Como ejemplo de las meticulosas condiciones necesarias para una exposición, mencionemos los requisitos ideales de iluminación máxima recomendada. Para la luz, los valores se situarían en 150 lux (180.000 lux/hora por año) en pinturas, y 50 lux (120.000 lux/hora por año) para obra sobre papel y objetos sensibles. Recordemos en este punto que tomamos por lux a la unidad de medida de la iluminancia que equivale a un lumen por metro cuadrado. Por otra parte, los niveles del termohidrógrafo deberían de situarse entre los valores de 18 y 60 por ciento de humedad relativa.

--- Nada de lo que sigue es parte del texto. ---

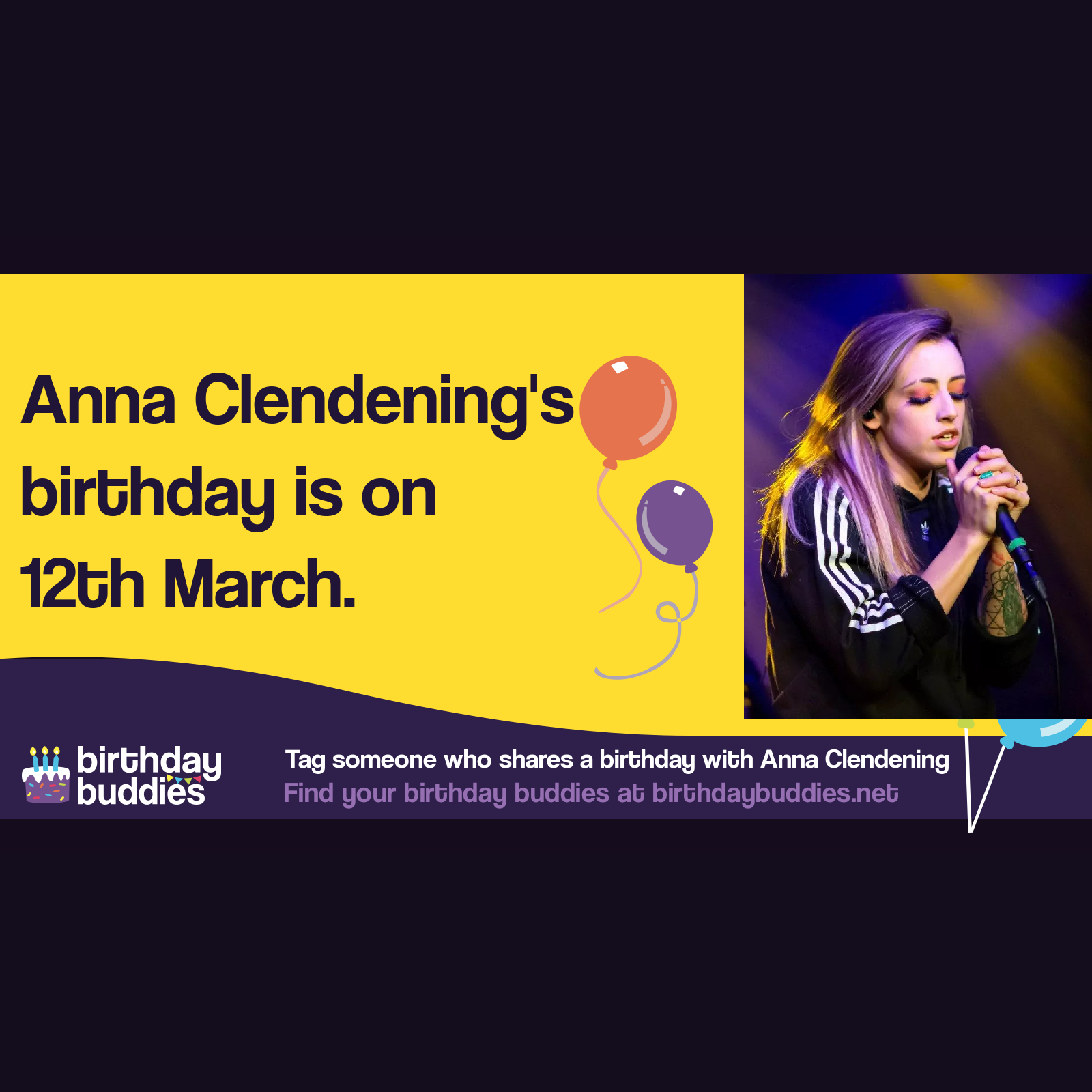 Anna Clendening's birthday is 12th March 1993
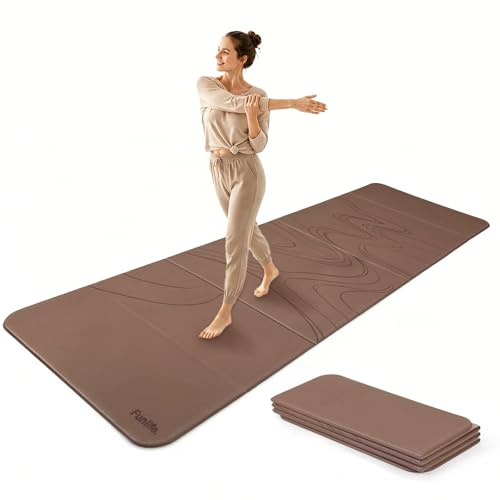FunLife Tapis de Yoga Pliable XXL 190 × 66 cm – Épaisseur 10 mm, Tapis de Fitness et de Gym Antidérapant pour Yoga, Pilates, Entraînement à Domicile et Extérieur (Caramel - Abricot)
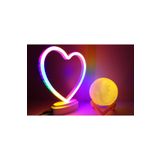 Neon Kalp Ve 3 D Led Sarı Küre Gece Lambası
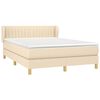 vidaXL Cama box spring con colch&oacute;n tela color crema 140x200 cm
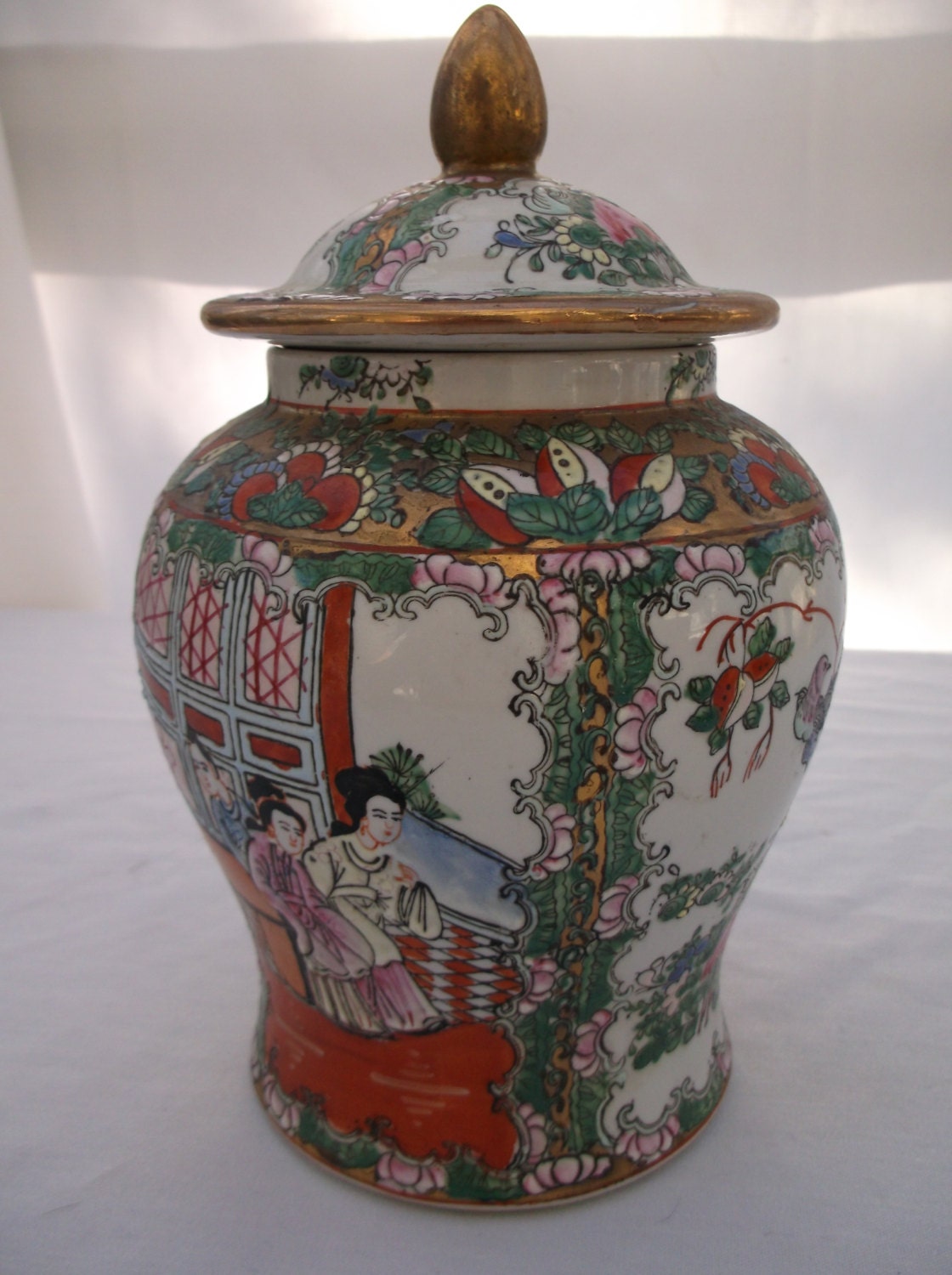Temple Jar -Chinese Famille Rose Canton Medallion Porcelain Mandrin Jar Lid Urn Vase- Hand Painted  Oriental Home Decor- Collectible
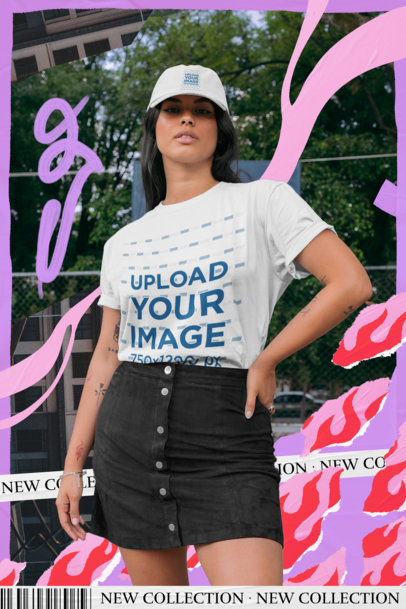 T-Shirt and Dad Hat Mockup Featuring a Serious Woman for a New Collection Promo
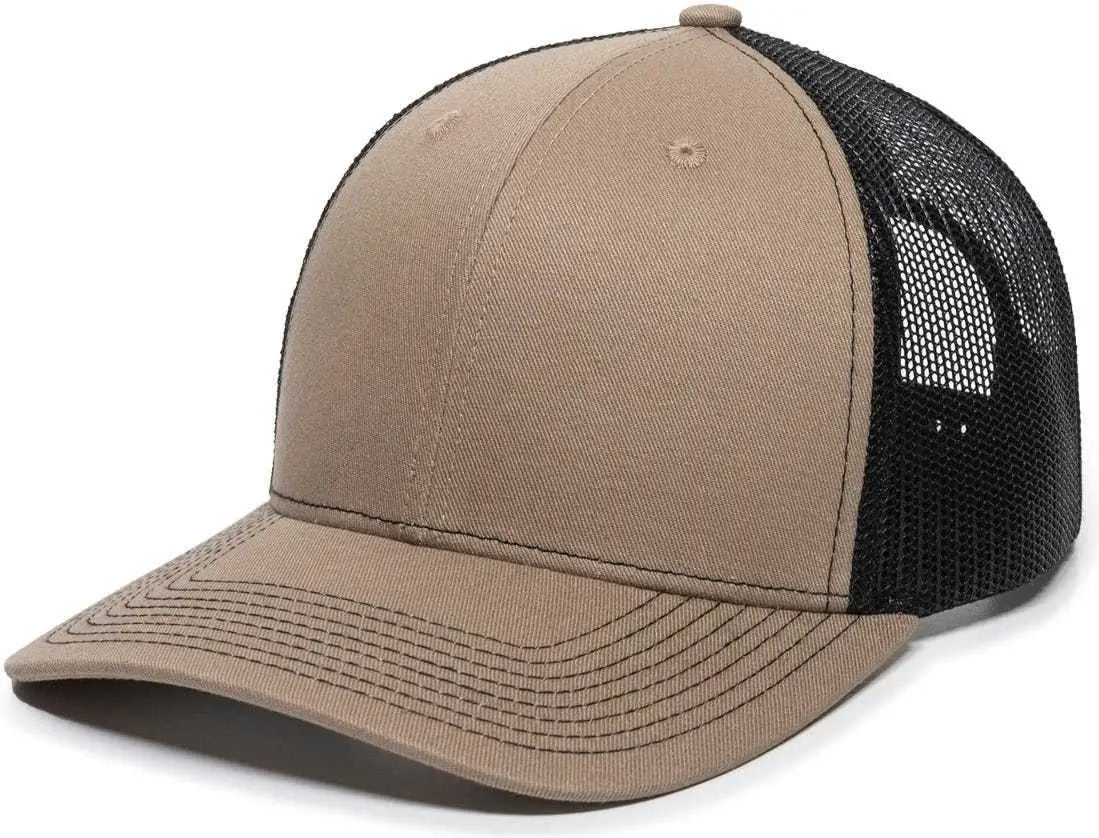 OC Sports OC771 Adjustable Mesh Back Cap - Khaki Black - Khaki Black / 6 7/8’’ - 7 1/2’’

Aun sin perder de vista la importancia de las condiciones técnicas ambientales para el mantenimiento, también resulta de especial relevancia, casi decisivo, el espacio que se destina a una obra dentro de la galería o museo. Ya las dimensiones físicas del objeto expuesto determinan las condiciones espaciales mínimas para su exhibición. En ocasiones, sobre todo en nuestro arte contemporáneo, son los propios artistas los que ya tienen una idea muy clara de cómo ha de relacionarse su obra respecto al espectador y respecto al espacio y disposición que ocupa. Como bien conocen los expertos, los resultados pueden ser muy distintos, si se opta por una concepción de asepsia expositiva o por una de amortiguación, en la que se introduce una escenografía suplementaria, mediadora entre objeto y espacio. Podríamos decir, de manera más sencilla, que la arquitectura del espacio ocupado supone parte de la propia experiencia artística de la obra.

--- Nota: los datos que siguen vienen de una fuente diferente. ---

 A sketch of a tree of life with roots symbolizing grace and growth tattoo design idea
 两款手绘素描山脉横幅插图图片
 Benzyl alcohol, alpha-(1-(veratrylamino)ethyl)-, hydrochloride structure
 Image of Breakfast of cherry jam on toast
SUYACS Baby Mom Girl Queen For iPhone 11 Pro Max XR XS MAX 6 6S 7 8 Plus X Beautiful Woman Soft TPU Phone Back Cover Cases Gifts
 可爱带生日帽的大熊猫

Reflexionando a este propósito, el pintor expresionista Mark Rothko teorizaba sobre la relación de sus cuadros respecto a las paredes ocupadas en las exposiciones, y el peligro de que ambos dependiesen entre sí como si se tratase de meras áreas decorativas. En este sentido, otorgaba especial importancia al color de las paredes, a la altura en la que estaba situado el cuadro y a su concentración o separación respecto al resto de las obras. Como vemos, todos los detalles terminan por ser importantes, llegando éstos a determinar y modificar la percepción del espectador y el modo en el que pueden distorsionar o favorecer en la aprehensión de la obra. Hasta tal punto se han magnificado estos aspectos que buena parte de la crítica de arte atiende hoy día con mayor interés al montaje que al propio contenido de las obras.

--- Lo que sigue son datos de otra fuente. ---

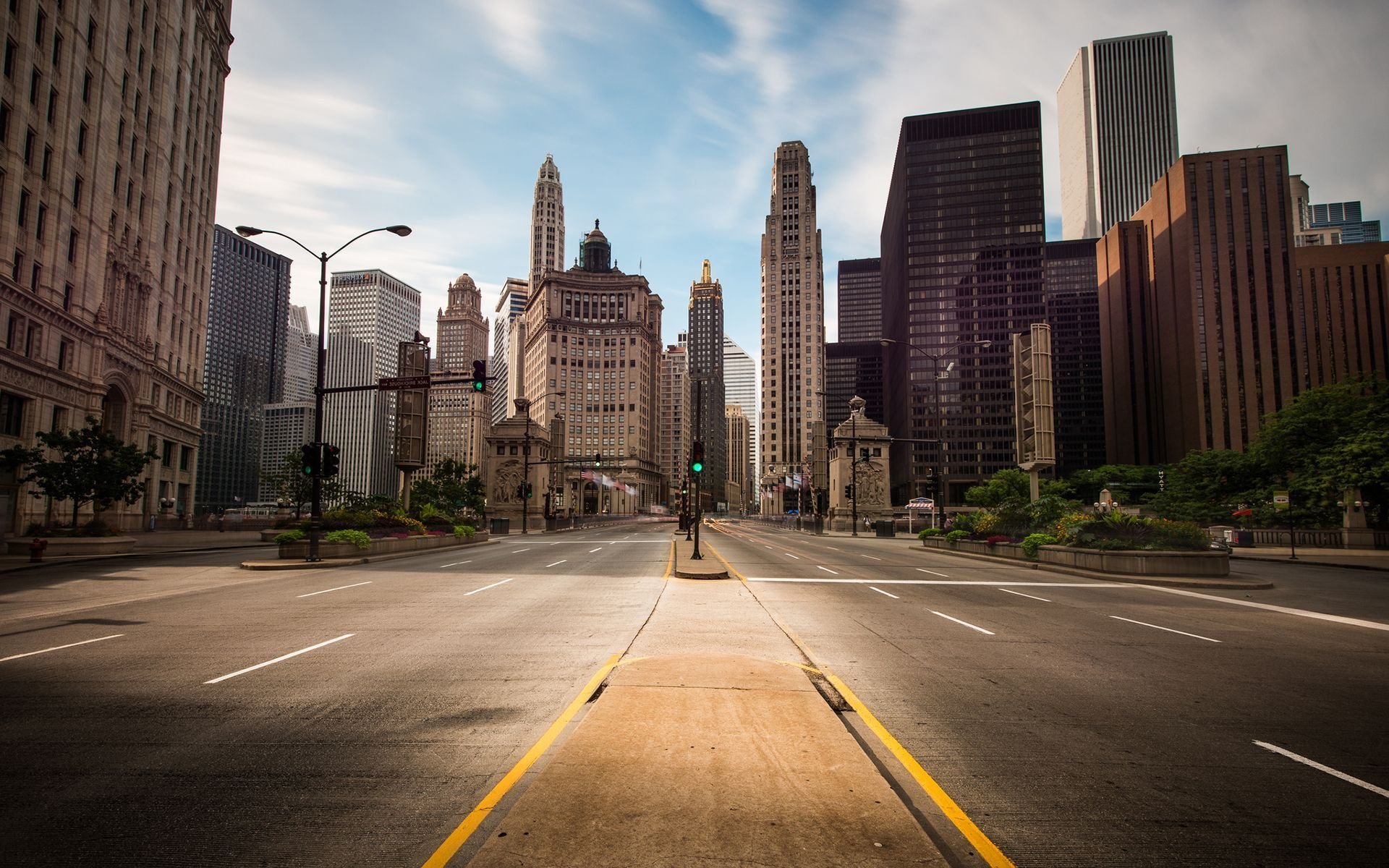 skyscrapers, Roads, Houses, Street, Cities Wallpaper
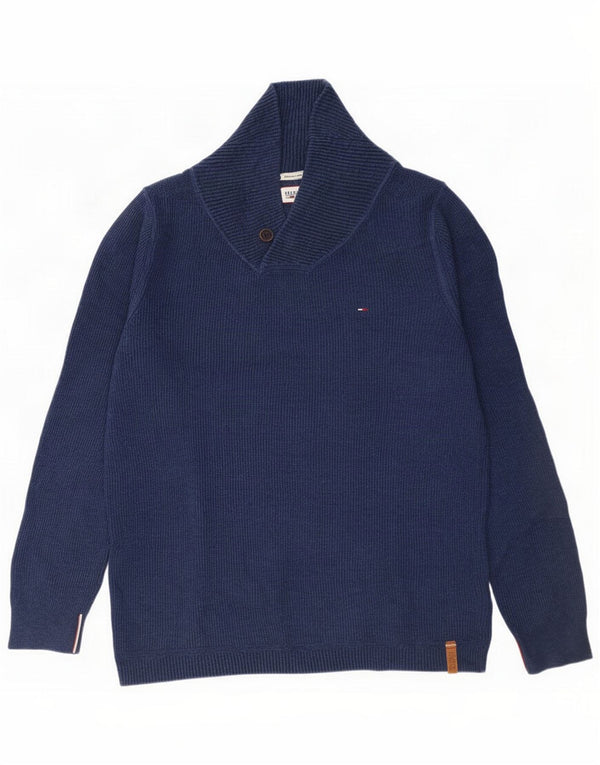 Tommy Hilfiger Mens Shawl Neck Jumper Sweater XL Navy Blue Cotton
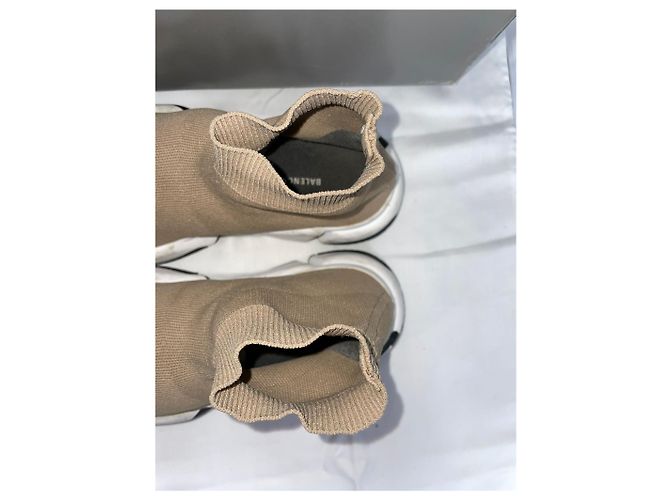 Baskets Speed Balenciaga avec logo de semelle en polyester beige Marron Rouge - vue 13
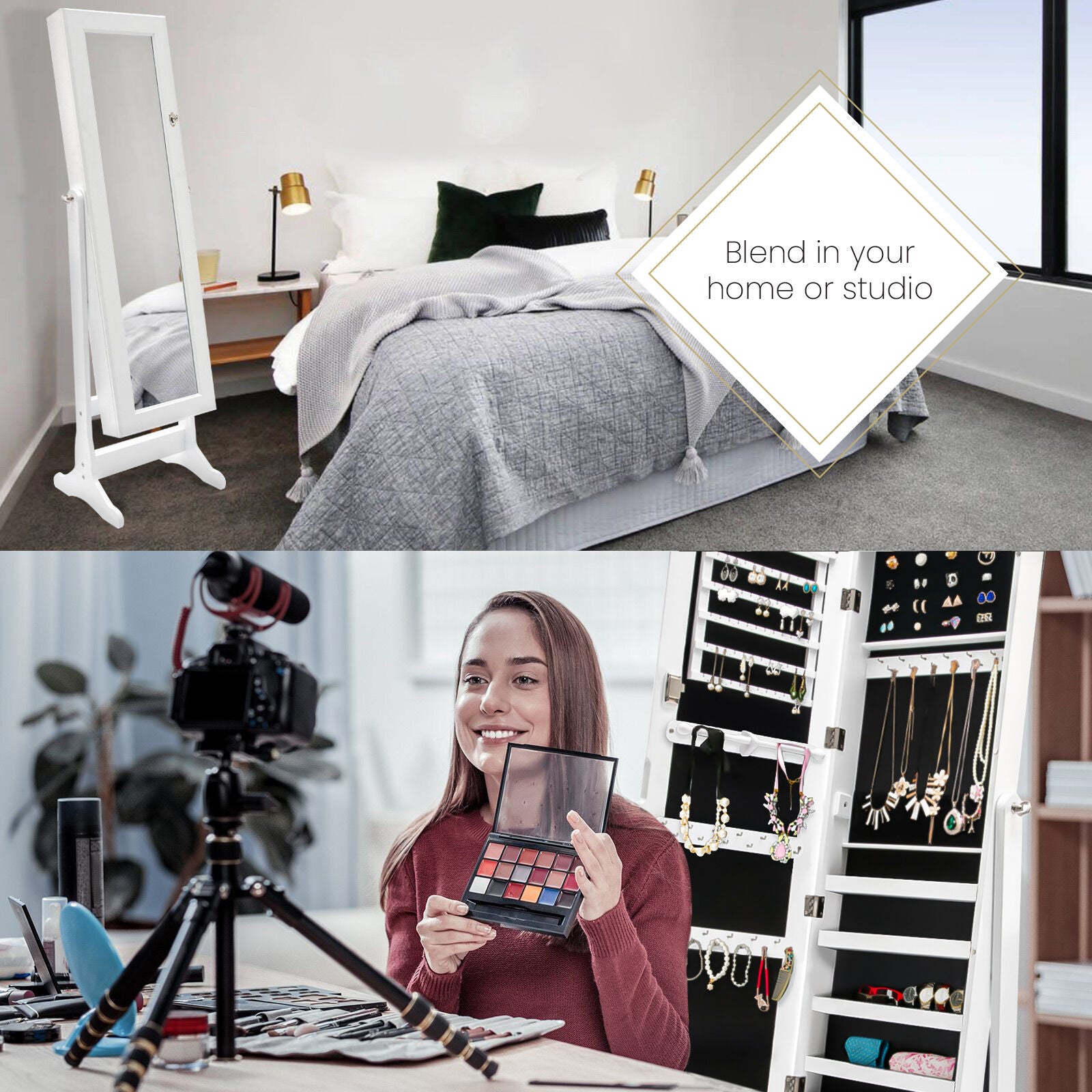 Mirror Jewellery Cabinet Organiser 2 Drawers LOWE 146cm WHITE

Son estos sólo algunos de los aspectos a los que se enfrentan aquellos que nos permiten acceder, una vez que estamos dentro de las exposiciones, a nuestras experiencias artísticas como espectadores. En cambio, las particularidades comentadas pueden darnos una somera idea de la complejidad de transportar, mantener y exponer las obras. Seamos conscientes de la problemática de poner cada vez más a nuestro alcance la historia, la experiencia, la perplejidad y la maestría de transmitir la vivencia humana a través de las formas y pinturas. Ahora bien, estamos dentro. Hemos llegado. Y observémoslas con la certeza de que son ellas quienes han venido a vernos a nosotros pasar.